» Aim of the exercise
Beneath this line are the data; copy exactly the part of them that opens with the line containing "DripDrop Hydration Packets - Image 4" and closes with the line containing "Gîte pour 6", and only that part.
::: Provided records
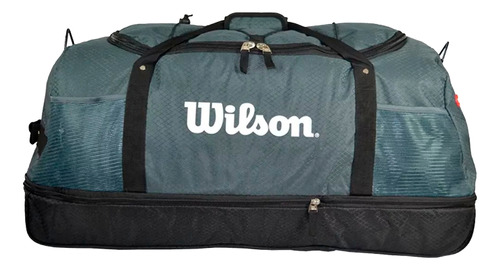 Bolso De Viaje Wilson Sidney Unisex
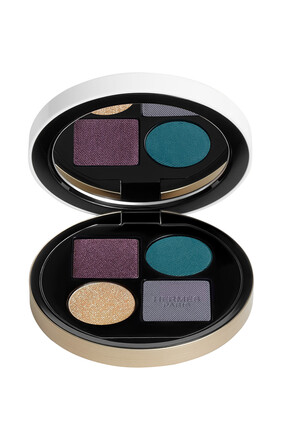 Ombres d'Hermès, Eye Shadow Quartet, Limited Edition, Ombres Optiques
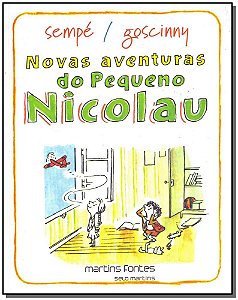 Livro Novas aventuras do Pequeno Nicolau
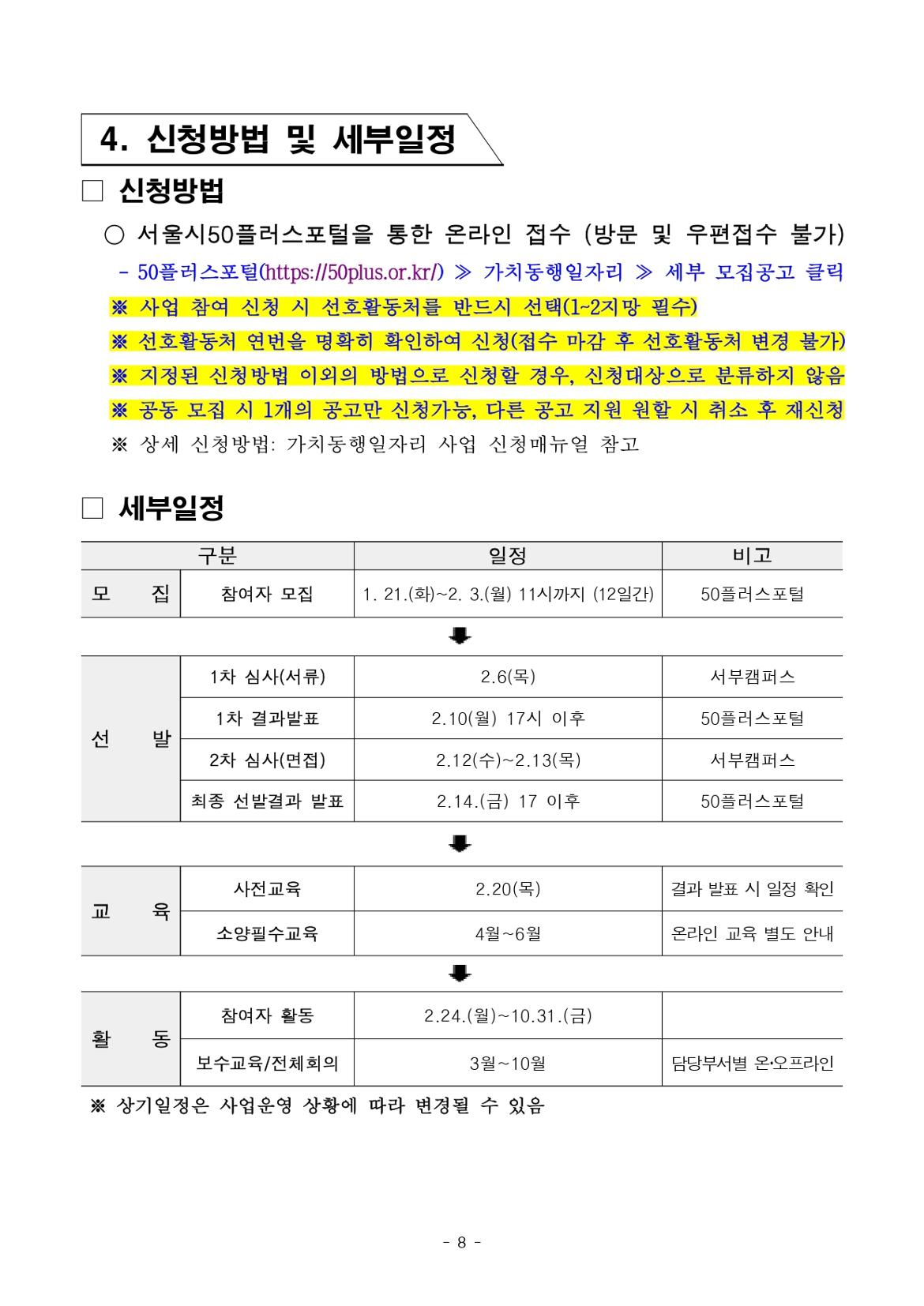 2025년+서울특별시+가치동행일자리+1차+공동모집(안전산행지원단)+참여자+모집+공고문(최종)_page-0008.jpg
::::::
::: Provided records
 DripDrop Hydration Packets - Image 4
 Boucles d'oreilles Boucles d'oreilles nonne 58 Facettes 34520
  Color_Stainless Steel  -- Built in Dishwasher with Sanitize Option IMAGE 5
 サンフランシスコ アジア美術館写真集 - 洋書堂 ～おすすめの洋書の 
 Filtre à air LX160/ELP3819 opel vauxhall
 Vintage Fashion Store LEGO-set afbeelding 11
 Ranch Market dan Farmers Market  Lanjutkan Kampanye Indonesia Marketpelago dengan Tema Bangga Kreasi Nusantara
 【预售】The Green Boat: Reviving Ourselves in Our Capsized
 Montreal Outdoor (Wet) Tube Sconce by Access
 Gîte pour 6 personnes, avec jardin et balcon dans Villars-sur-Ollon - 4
::::::
::: Provided records
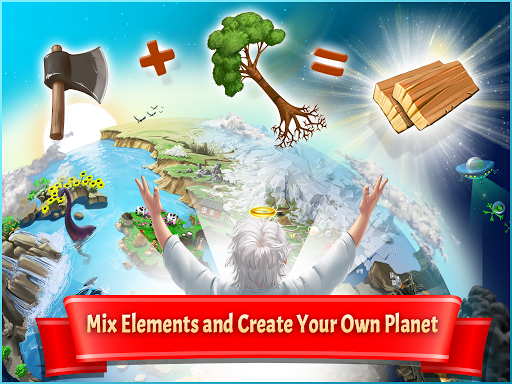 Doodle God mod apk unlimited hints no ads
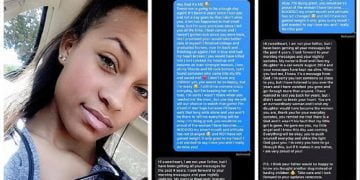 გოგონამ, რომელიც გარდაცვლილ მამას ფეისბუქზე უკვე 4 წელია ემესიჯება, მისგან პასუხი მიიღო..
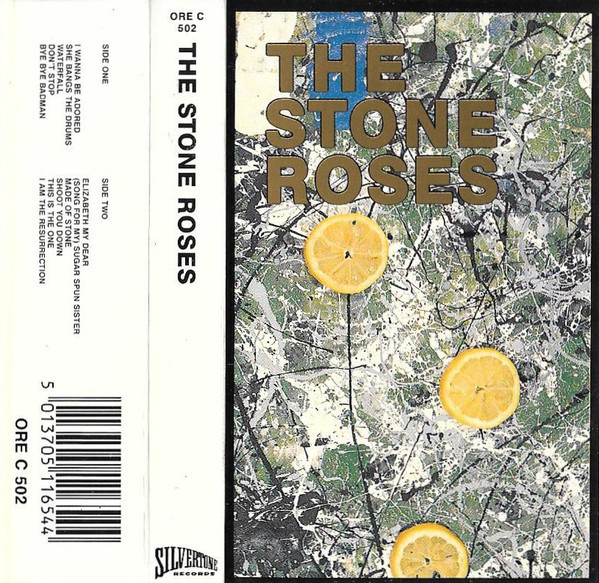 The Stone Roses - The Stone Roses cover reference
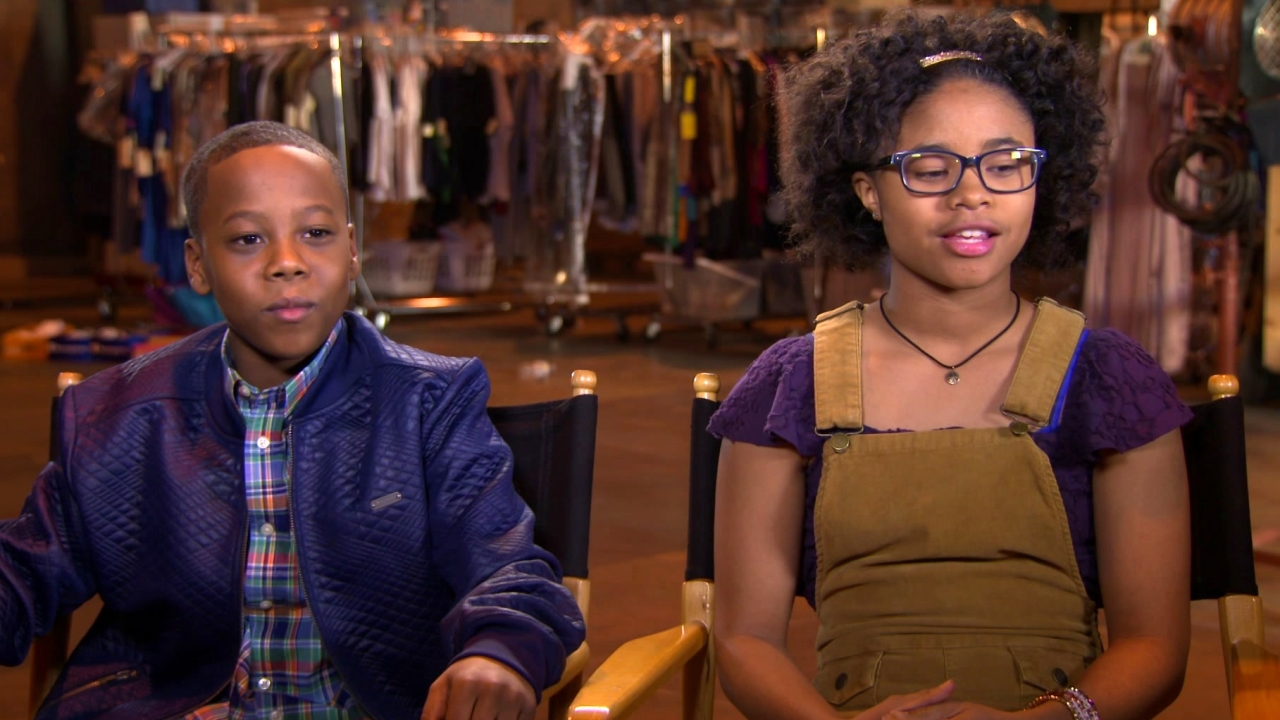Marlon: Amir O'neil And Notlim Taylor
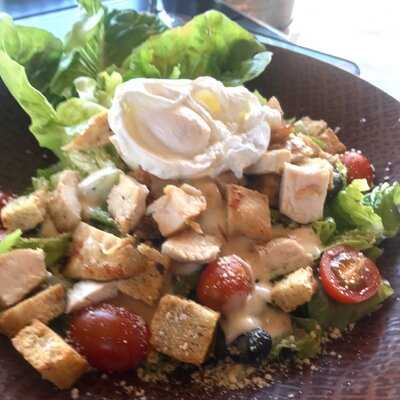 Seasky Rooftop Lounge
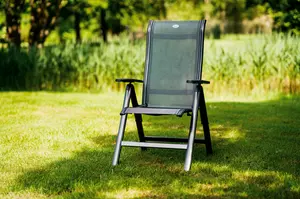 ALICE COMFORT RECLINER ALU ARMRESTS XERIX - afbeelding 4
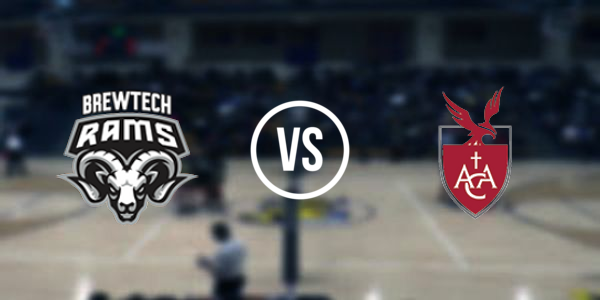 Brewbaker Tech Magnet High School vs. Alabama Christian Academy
::::::
» Output for this exercise
 DripDrop Hydration Packets - Image 4
 Boucles d'oreilles Boucles d'oreilles nonne 58 Facettes 34520
  Color_Stainless Steel  -- Built in Dishwasher with Sanitize Option IMAGE 5
 サンフランシスコ アジア美術館写真集 - 洋書堂 ～おすすめの洋書の 
 Filtre à air LX160/ELP3819 opel vauxhall
 Vintage Fashion Store LEGO-set afbeelding 11
 Ranch Market dan Farmers Market  Lanjutkan Kampanye Indonesia Marketpelago dengan Tema Bangga Kreasi Nusantara
 【预售】The Green Boat: Reviving Ourselves in Our Capsized
 Montreal Outdoor (Wet) Tube Sconce by Access
 Gîte pour 6 personnes, avec jardin et balcon dans Villars-sur-Ollon - 4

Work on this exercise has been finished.